- WHAT YOU WILL DO
Leaving out all images, write out the records that follow exactly.

(MATERIAL SUPPLIED)

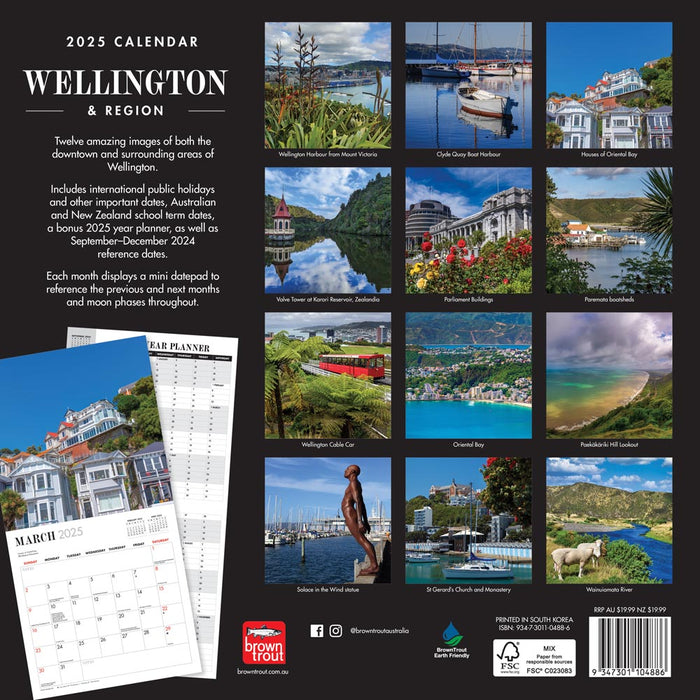 2025 Wellington & Region Wall Calendar by  Browntrout Publishers Australia from Calendar Club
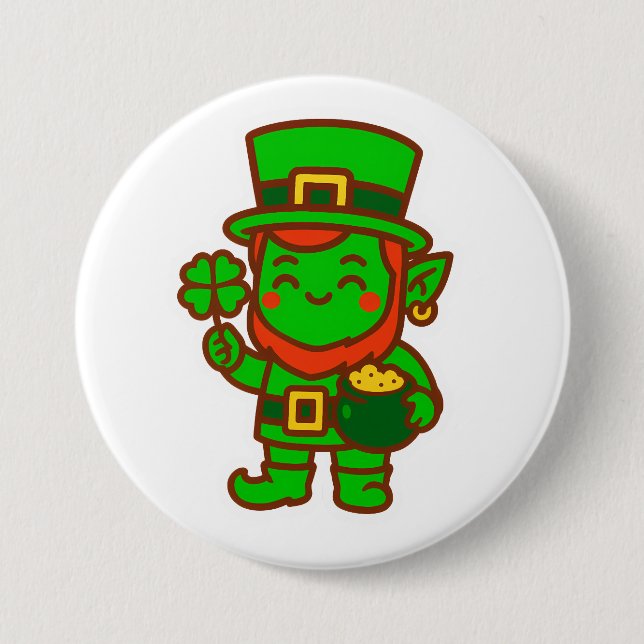 Badge Rond 7,6 Cm Kawaii Lucky Leprechaun (Devant)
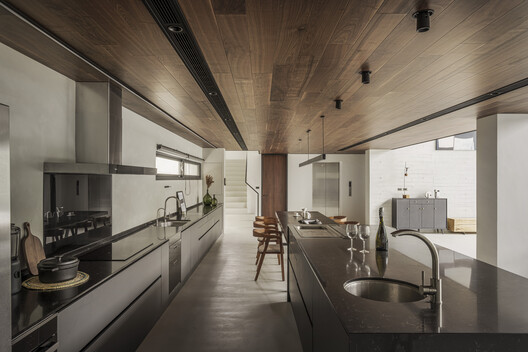 Rendezvous for Four Generations Residence / FLOAT DESIGN STUDIO - Interior Photography, Kitchen, Countertop, Wood, Lighting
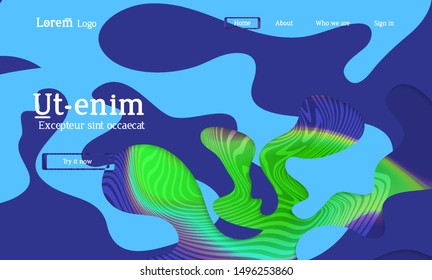 Abstract universal web template with simple wavy shapes and cut out paper with shadow over striped background. Social media web banner. Bright colored isolated.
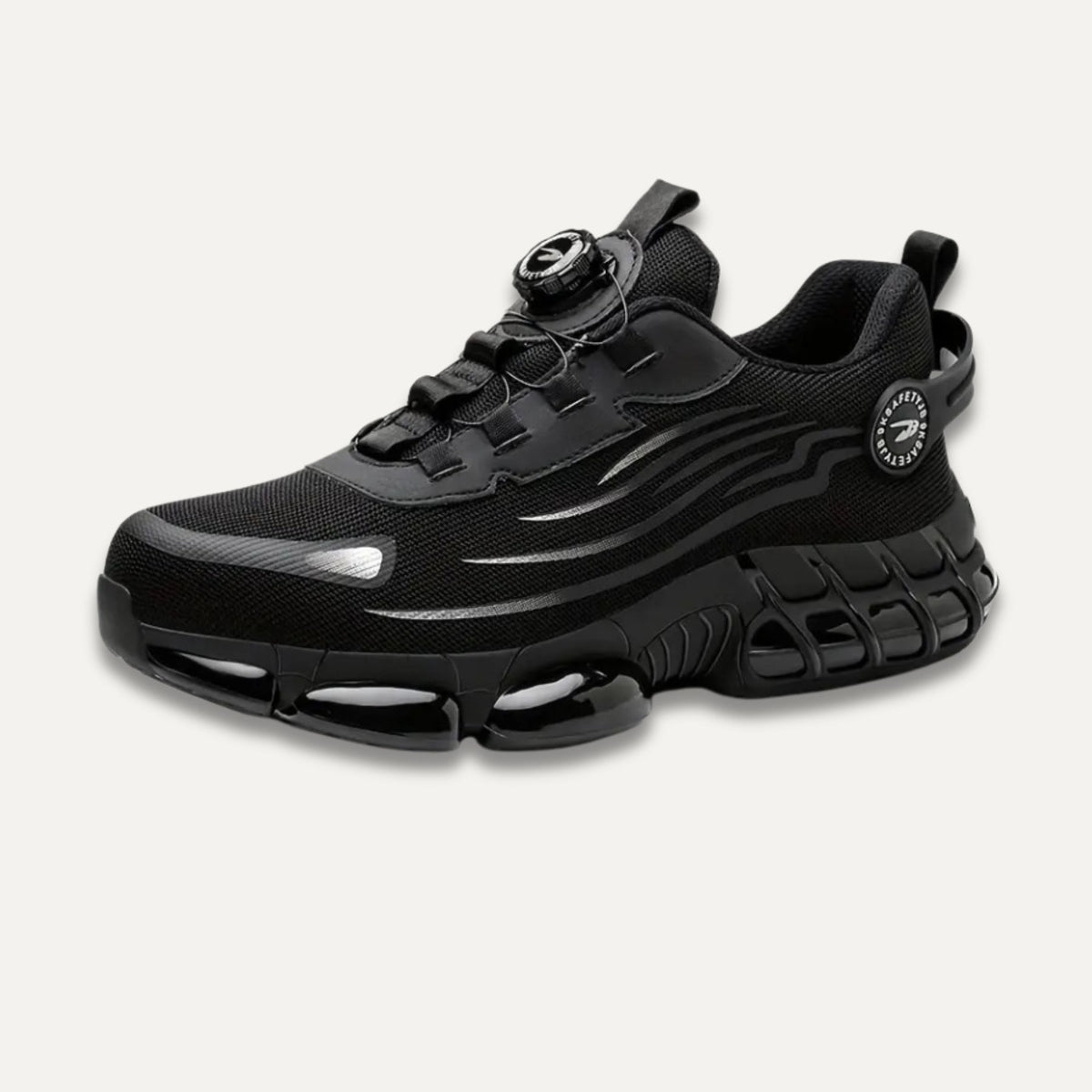 Steel Toe Safety Trainers with Twist Dial Lacing, Black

(End MATERIAL SUPPLIED)

- FINISHED TASK
 2025 Wellington & Region Wall Calendar by  Browntrout Publishers Australia from Calendar Club
 Badge Rond 7,6 Cm Kawaii Lucky Leprechaun (Devant)
 Rendezvous for Four Generations Residence / FLOAT DESIGN STUDIO - Interior Photography, Kitchen, Countertop, Wood, Lighting
 Abstract universal web template with simple wavy shapes and cut out paper with shadow over striped background. Social media web banner. Bright colored isolated.
 Steel Toe Safety Trainers with Twist Dial Lacing, Black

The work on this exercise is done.